Rzeszów. W szpitalu wykryto bakterię New Delhi. Są zakażeni
W jednym z rzeszowskich szpitali przebywa pacjentka, będąca nosicielką bakterii New Delhi. Od niej zakaziły się dwie kolejne osoby.
O wykryciu niebezpiecznej bakterii w Klinice Chorób Wewnętrznych w Klinicznym Szpitalu Wojewódzkim nr 2 w Rzeszowie informuje "Gazeta Wyborcza". Małgorzata Przysada, zastępca dyrektora tej placówki, w rozmowie z portalem przekazała, że pacjentka, mimo że jest nosicielką bakterii, nie miała żadnych objawów chorobowych.
- Ale na oddziale wewnętrznym mamy dramatyczną sytuację. Od kilku tygodni oddział jest stale przepełniony, dostawki stoją na korytarzu. W takich warunkach mogło dojść do zakażenia kolejnych osób - dodała Przysada, podkreślając, że obecnie wiadomo o kolejnych dwóch osobach zakażonych bakterią New Delhi.
- Szpital natychmiast wdrożył niezbędne procedury, by powstrzymać dalsze zakażenia.

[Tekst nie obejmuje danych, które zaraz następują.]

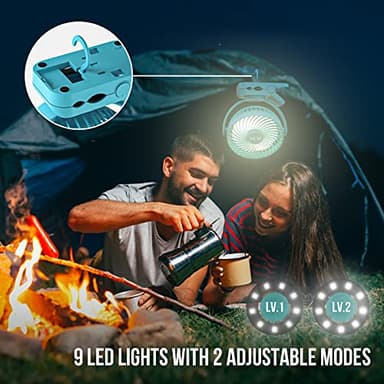 BLBS Clip on Fan 65Hrs Camping Fan with LED Light, 12000mAh Battery Operated Fans & PortableFan Rechargeable, Small Desk Fans USB TravelFan for Tent Camping Golf Stroller, Blue - Image 3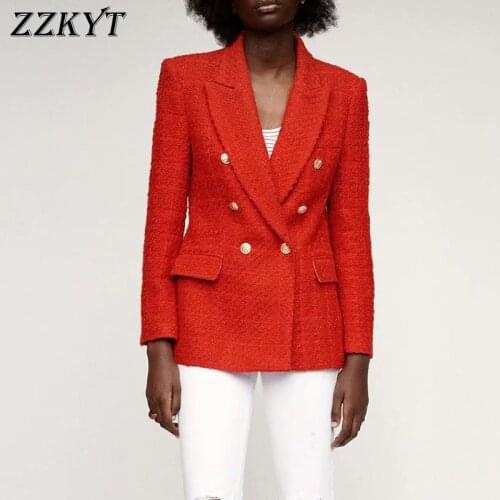 ZZKYT 2021 Women Spring Fashion Red Double Breasted Jacket Coat Vintage Lapel Collar Pockets Office Lady Female Outerwear Tops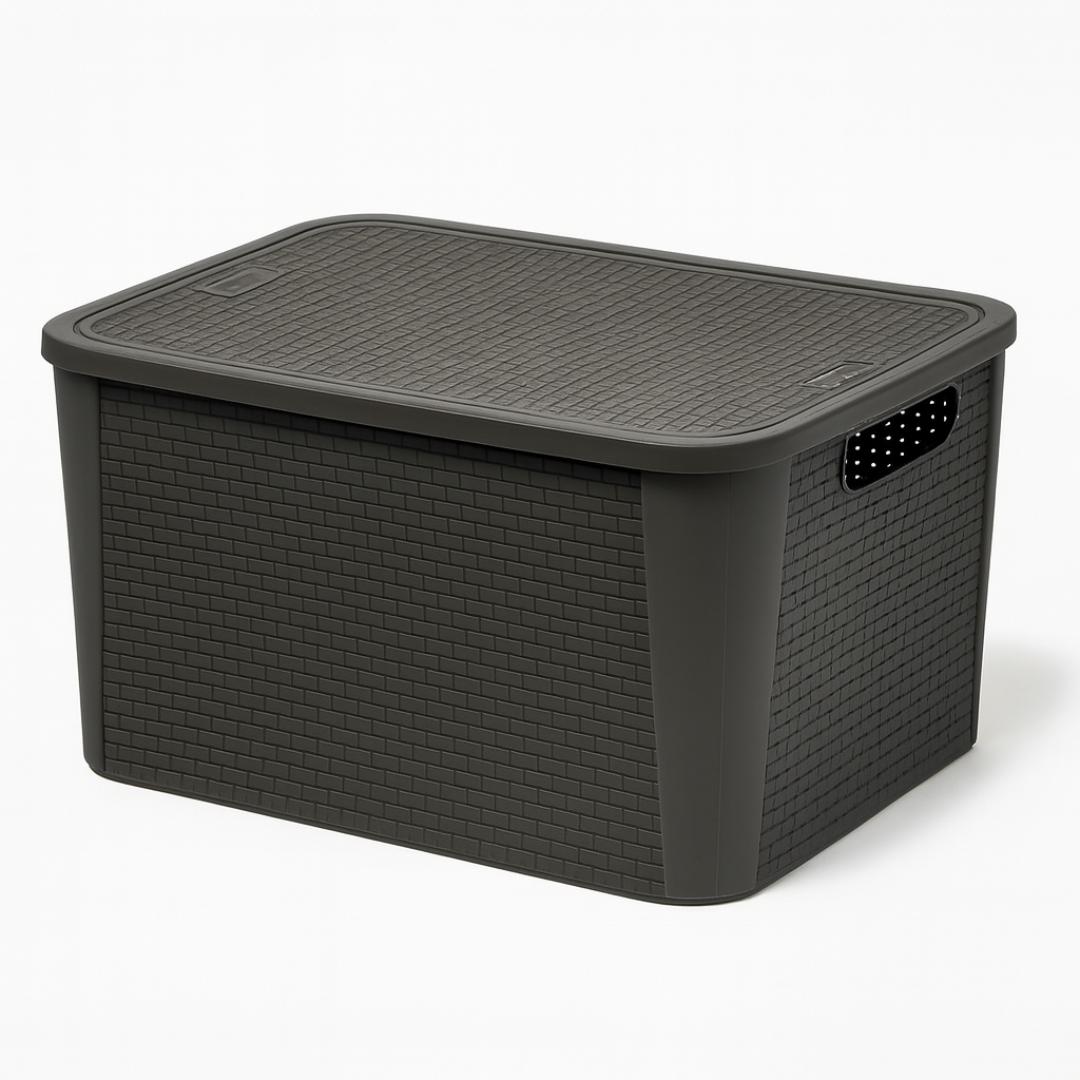 Organizador Rattan Cinza N1 Plasnew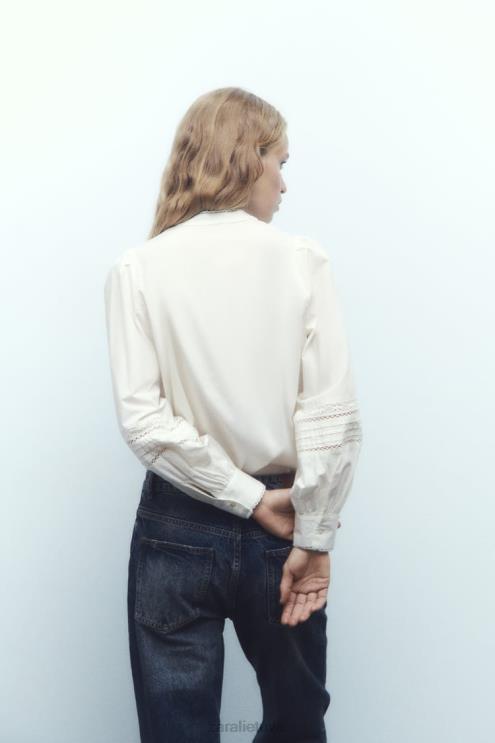 moterys Zara nėriniuotų poplino marškinėliai ekru apranga 4N488405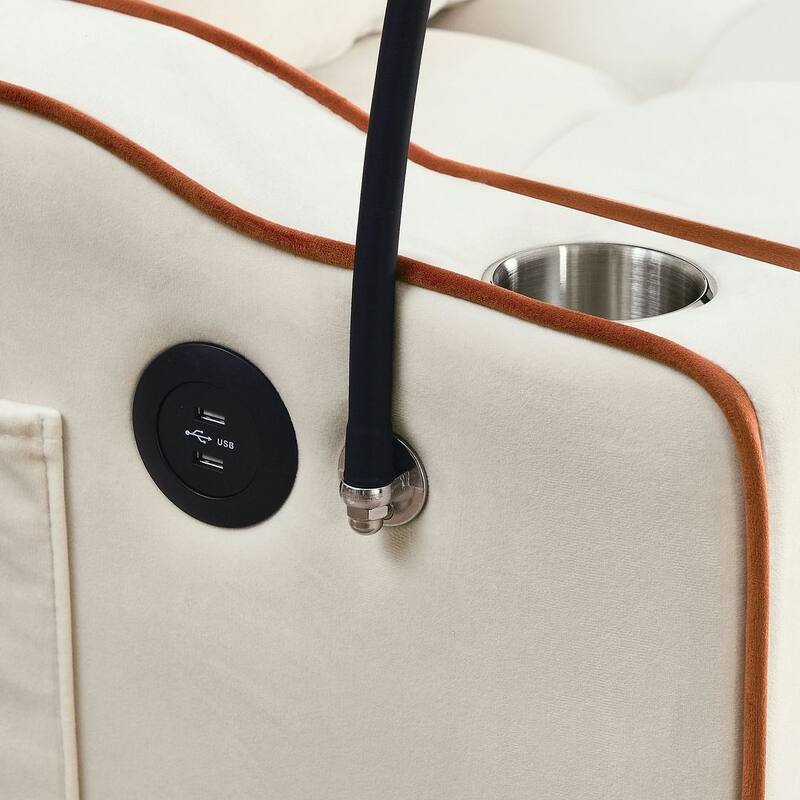 55.51'' Modern Versatile Foldable Sofa Bed With Adjustable Back and USB Port and Ashtray and Swivel Phone Stand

Wstrzymano przyjęcia na oddział. Pacjenci, u których wykryto bakterię, zostali odizolowani - powiedziała. Personel, który zajmuje się zakażonymi pacjentami, nie ma kontaktu z pozostałymi chorymi. Kolejni pacjenci są badani pod kątem zakażenia bakterią.
Rzeszów. Groźna bakteria New Delhi w szpitalu. Przyjęcia wstrzymane
Przysada podkreśliła jednocześnie, że bakteria New Delhi jest groźna, ponieważ jest odporna na wiele antybiotyków, a w niektórych przypadkach nawet na wszystkie. Nie bez przyczyny Światowa Organizacja Zdrowia (WHO) zalicza ten szczep do 12 najbardziej niebezpiecznych drobnoustrojów na świecie.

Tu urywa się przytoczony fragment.